*Aunque se podría decir mucho más acerca del ateísmo y las diversas posturas ateas, considero suficiente lo escrito hasta aquí. Ofrezco esta breve reflexión para terminar. Aunque la verdad de Dios incluye una certeza ineludible, no lo es del tipo que cualquier incrédulo pretende para salir de su oscura situación. También Tomás, el Apóstol no creyente, pretendía un signo irrevocable, una señal evidente de la Vida de Dios. Una presencia luminosa de este tipo, ciertamente, evitaría el esfuerzo de cualquier elaboración y discurso racional pero, por lo mismo, eliminaría el mérito que tiene la fe. Como dice Jolivet, el ateísmo debe ser posible para que el conocimiento de Dios tenga un valor moral. Si la verdad de Dios fuera de la misma condición que las matemáticas o que una afirmación científica sin más, desaparecería la libertad de nuestro humano asentimiento y el valor de la creencia religiosa incondicional. Es necesario que haya una elección libre de Dios, por el hombre, y que escojamos hacer de nuestra existencia una aventura confiada a Alguien. Sólo en este radical compromiso, radical y absoluto, recibe la vida del hombre todo su sentido.
*El ateo se pronuncia en su juicio, normalmente, desde afuera. El creyente, que libre y racionalmente se entrega, lo ha de hacer desde dentro, pues es en su más profundo interior donde descubre esa presencia de Otro mayor, más íntimo y más real que sí. Por hacerlo en la periferia, el ateo a veces responde a una visión deforme, y lo que rechaza es una concepción inadecuada del ser de Dios o de la religiosa vinculación a él. Siendo esto así, podemos conceder a toda manifestación atea, sea de la índole que sea, algún elemento de verdad, por cuanto negando (lo que no es) en el fondo afirmaría (lo que sí es). También a los primeros cristianos se les acusaba de personas ateas, por cuanto no seguían a los dioses paganos dando culto a los suyos, supuestamente verdaderos. No digo que sea lo mismo, pero en cierto sentido, el ateísmo podría servirnos de estímulo (aunque en negativo) para adquirir una conciencia cada vez más viva y despierta de la correcta idea de Dios.

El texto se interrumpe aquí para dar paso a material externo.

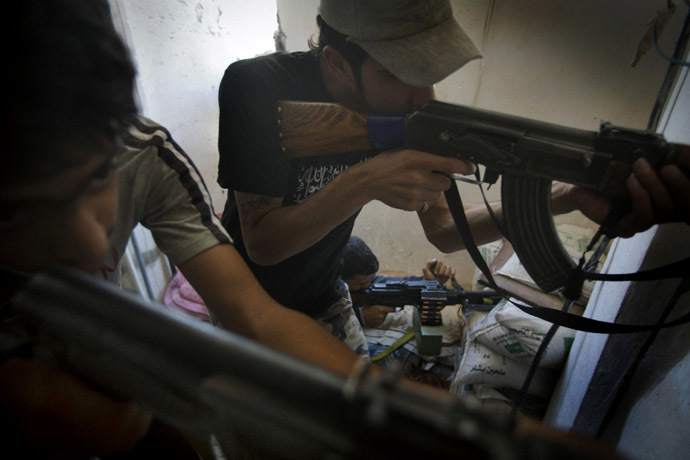 Rebel fighters aim their weapons during fighting against Syrian government forces on September 7, 2013 in Syria's eastern town of Deir Ezzor. (AFP Photo)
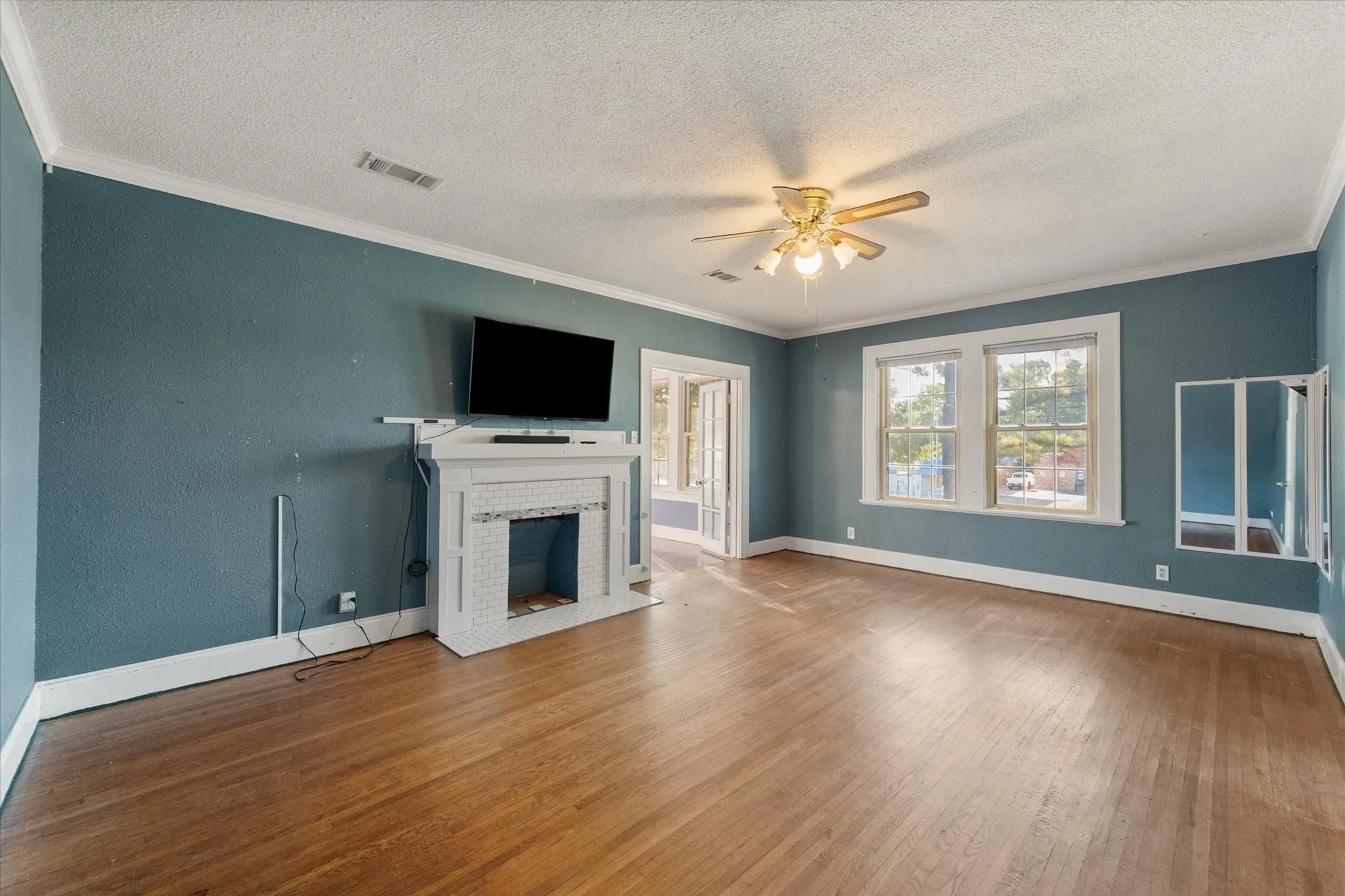 Single Family Residence For Sale in Navarro County , 1452 W 2nd Avenue, Corsicana, Texas 75110, 4 Bedroom, 3 Bathroom, Garage spaces, 3,456 Sqft, built in 1924, Price $275,000, mls#21363104, Real Estate Agent in Corsicana, Homes For Sale in Navarro county, Homes For Sale in Corsicana, Realtor in Corsicana Texas, Real Estate Brokerage Independent Realty Texas, Luminita Cordes Realtor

*El misterio complejísimo del ateísmo, el de la crisis de la religión o del sentido de Dios, nos conduce a no estar sordos a cualquiera de sus gritos, sino a recogerlos con prudente modestia para hacerlos nuestros e intentar, de alguna manera, responder. No es cuestión, únicamente, de mostrar los errores del ateo denunciando por qué están mal, sino ofrecer el gozo de la fe, anunciando por qué creer está bien. Si la fuerza del ateísmo reside en denunciar imágenes deformes del mismo Dios, su debilidad consiste en no saber –o no poder- captar nada más que eso; ante esta crisis, que dura sin cesar, la creencia debe emerger como una postura auténticamente existencial.
* En nuestro diálogo con el ateo no podemos confiarlo todo al frío y abstracto discurrir sobre la existencia metafísica de Dios: siendo esto necesario, por la naturaleza de la misma fe y por nuestra condición de seres racionales, sin embargo no basta. Nuestro proceder debe avanzar, humildemente, también sobre el testimonio de una experiencia vivida que confirma los elementos pensados. No son pocos los ateos que, detenidos por obstáculos más afectivos que intelectuales, son muy sensibles a la vida coherente del testigo, a su destino espiritual.
*Afirmar o no la existencia de Dios no es un artículo de lujo o una cuestión tradicional que para nada afecta el modo de vida personal. Nos acostumbramos fácilmente a que la vida religiosa se reduzca a un mero ritualismo sin mayor incidencia en el ser total de la persona, incluida su dimensión social. Se puede vivir como ateo sin dejar de ser, en planteamientos costumbristas o familiares de la vida, religioso; y al revés, se pueden observar ciertas prácticas religiosas en apariencia a lo largo de la vida, sin que el corazón y la mente dejen de vivir al modo ateo, sin una sincera y eficaz religación respecto del ser vivo de Dios. Por el contrario, la afirmación de Dios presente al interior del ser humano lo inquieta, lo traspasa, lo compromete y, si se deja, lo transforma. El destino natural del hombre se entrecruza con el designio sobrenatural de Dios y de ahí surge el verdadero drama de la fe.